● **Exercise prompt**: Output the line containing "image00014.jpeg" and each line after it through the end of the data, exactly as written, with pictures left out.

● **Exercise input**:
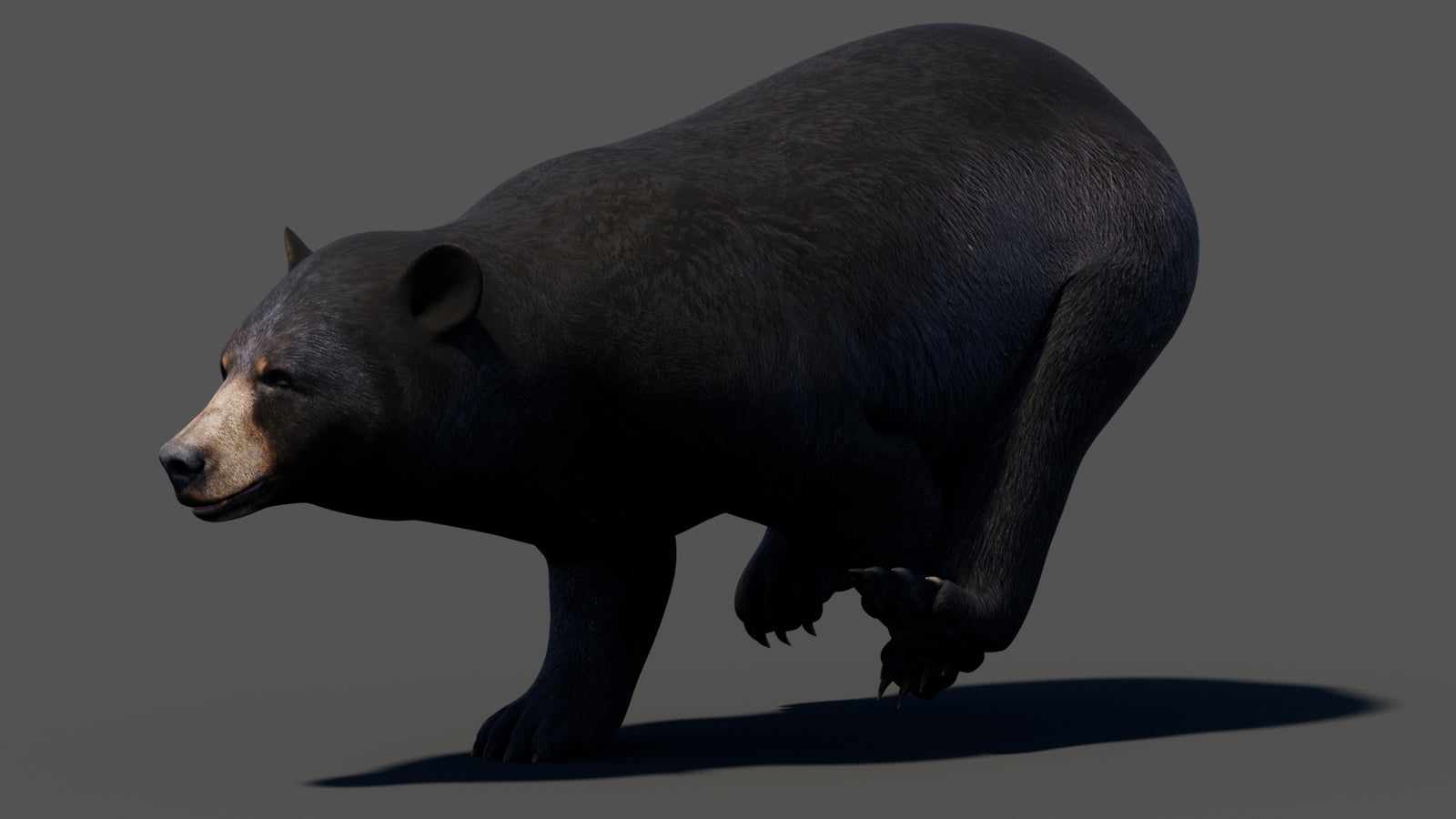 Animated Black Bear 3D Model 360° view 3 frame 9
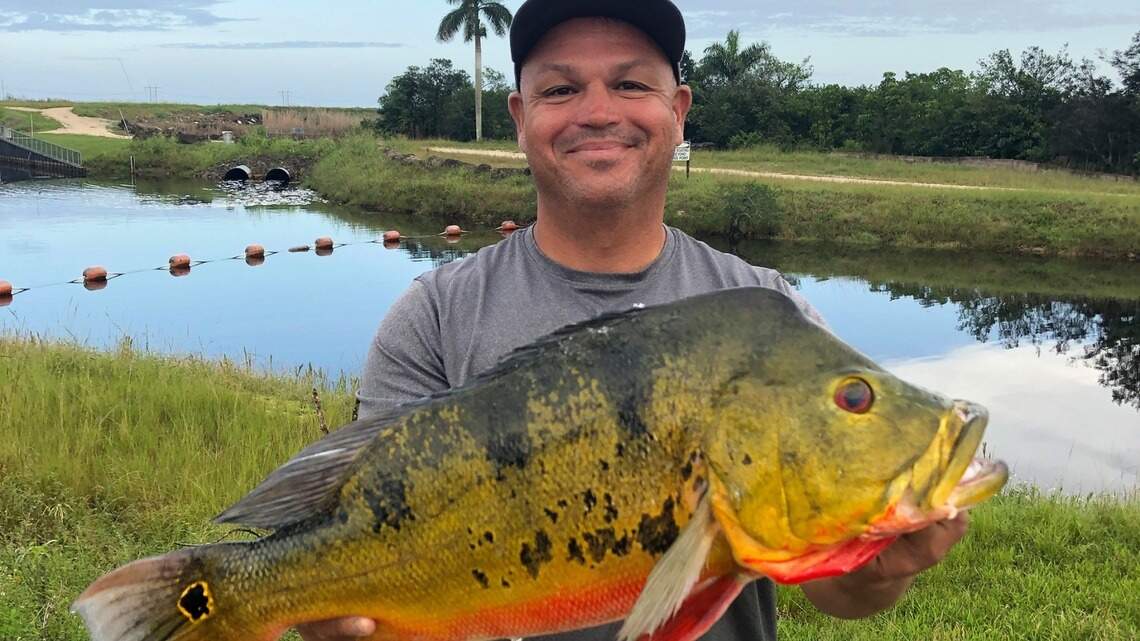 Hombre de Hialeah rompe récord de pesca en Florida previamente establecido en 1993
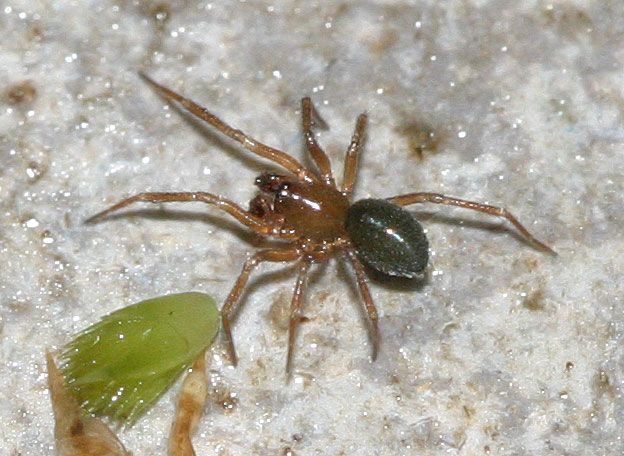 Centromerus levitarsis (Centromerus levitarsis)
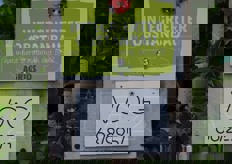 Il cartellino numerico e' per la rintracciabilita': 68 e' il numero della coop Melix Brixen di Bressanone, socia del VOG cui fa capo il maso; 225 rappresenta il numero del Moarhof; l'1 e' il numero dell'appezzamento, riportato anche nel quaderno di campagna.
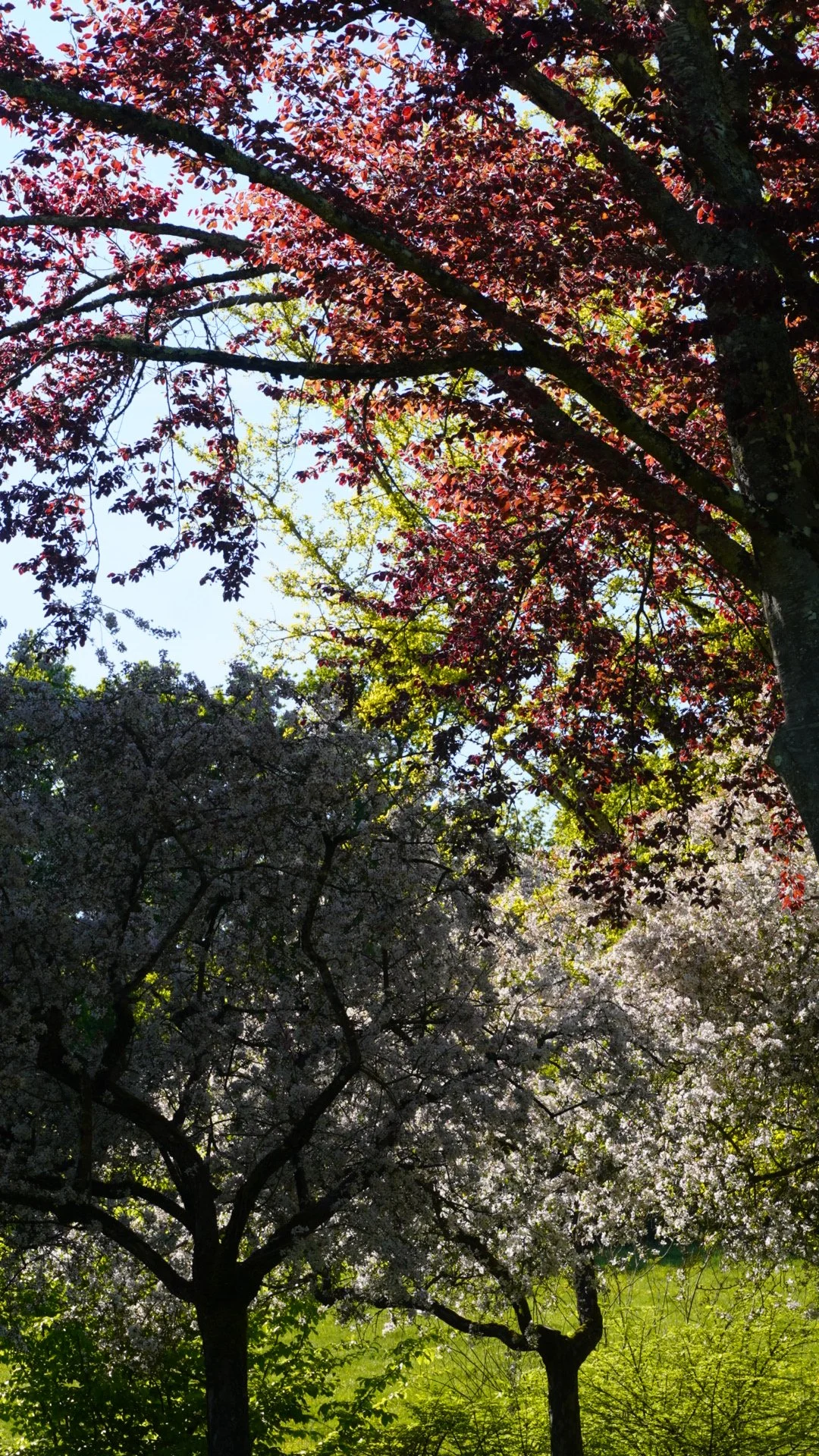 image00014.jpeg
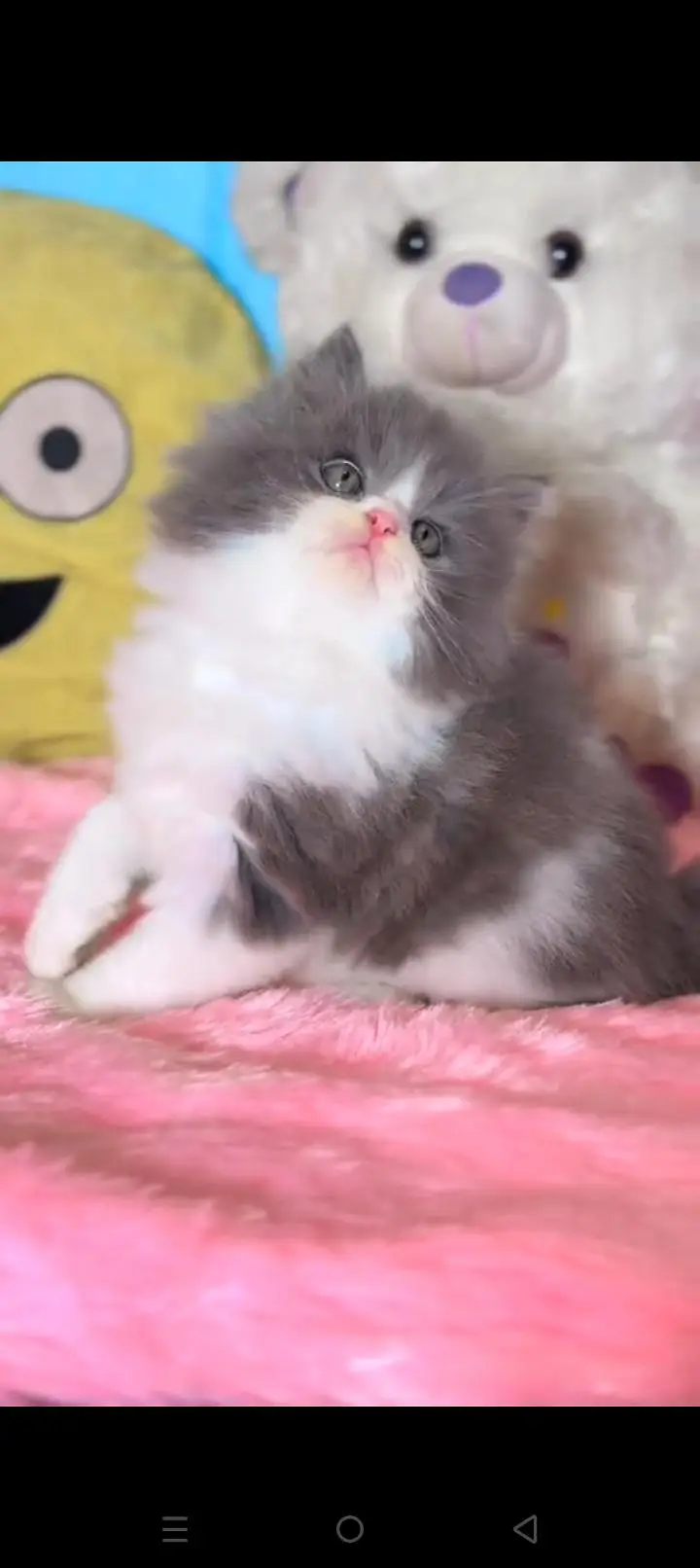 Quality Persian cat & Kittens. Male & female.    03479996792 WhatsApp — photo 2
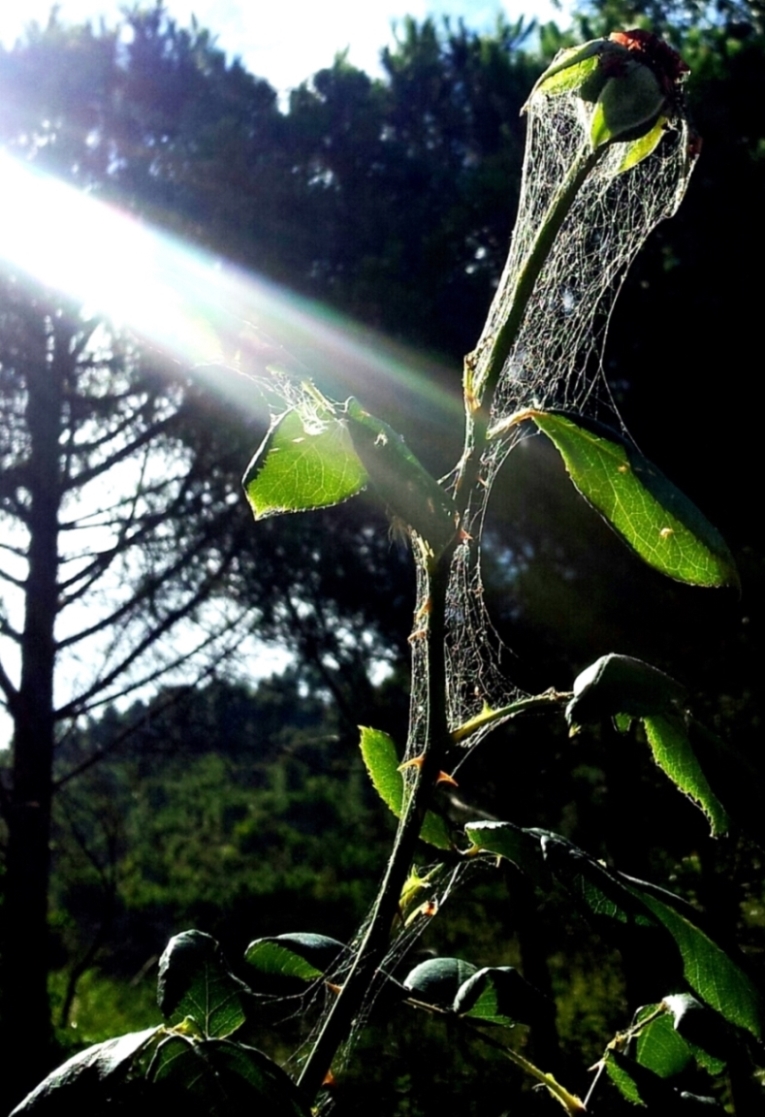 appassita ma brillante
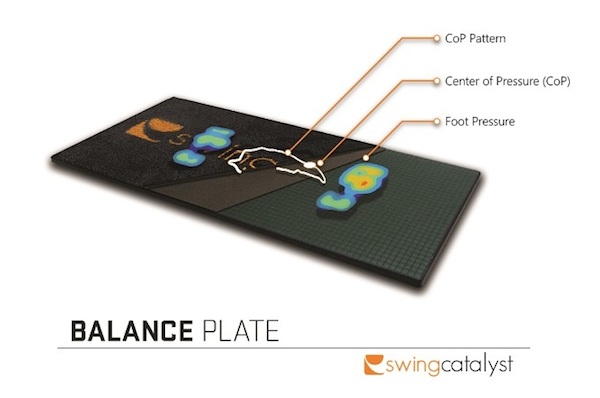 Balance Plate(2)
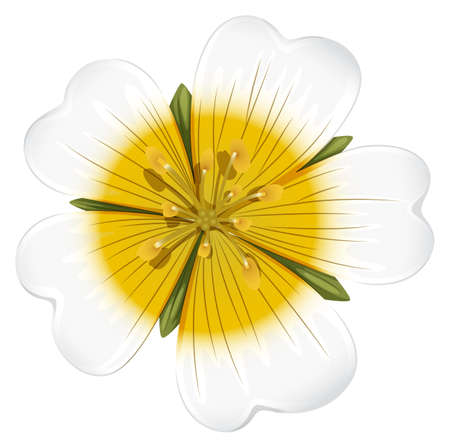Illustration of a white blooming flower on a white backgroundのイラスト素材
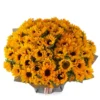 Mega Sunflower ONE SIZE ONLY JUNE 14 2023 2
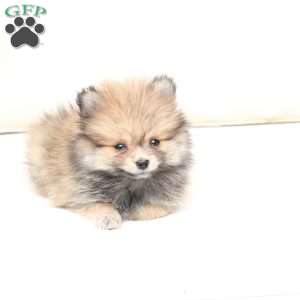 Jack, Pomeranian Puppy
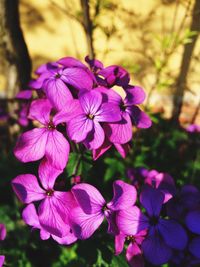 Close-up of pink flowers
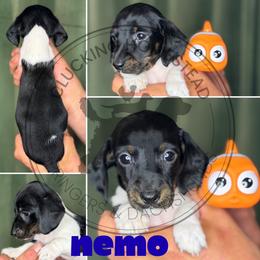 Nemo - Piebald male Dachshund puppy in Fond Du Lac, Wisconsin from Clucking Homestead Springers & Dachshunds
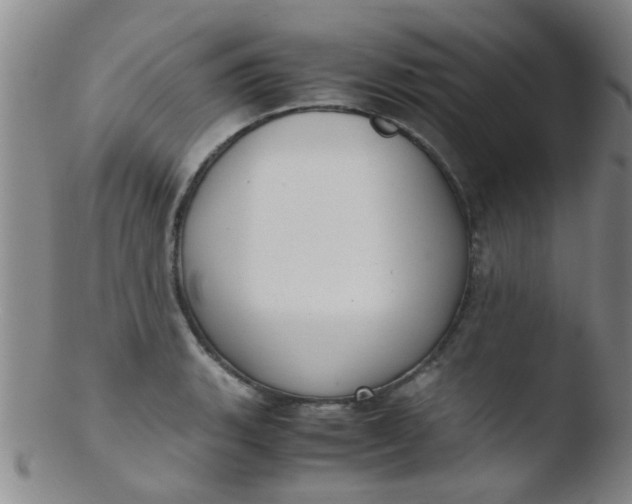 X0000103501135200809262008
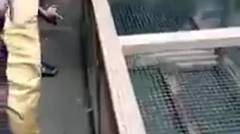 Heboh Video Penangkapan Pelaku Pesugihan Burung 'Beak' Rupanya Seorang Wanita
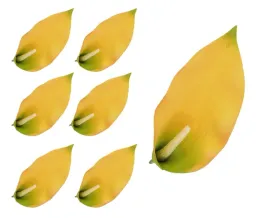 kalia-piankowa-zolto-zielona-6-sztuk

● **Result for this task**:
 image00014.jpeg
 Quality Persian cat & Kittens. Male & female.    03479996792 WhatsApp — photo 2
 appassita ma brillante
 Balance Plate(2)
Illustration of a white blooming flower on a white backgroundのイラスト素材
 Mega Sunflower ONE SIZE ONLY JUNE 14 2023 2
 Jack, Pomeranian Puppy
 Close-up of pink flowers
 Nemo - Piebald male Dachshund puppy in Fond Du Lac, Wisconsin from Clucking Homestead Springers & Dachshunds
 X0000103501135200809262008
 Heboh Video Penangkapan Pelaku Pesugihan Burung 'Beak' Rupanya Seorang Wanita
 kalia-piankowa-zolto-zielona-6-sztuk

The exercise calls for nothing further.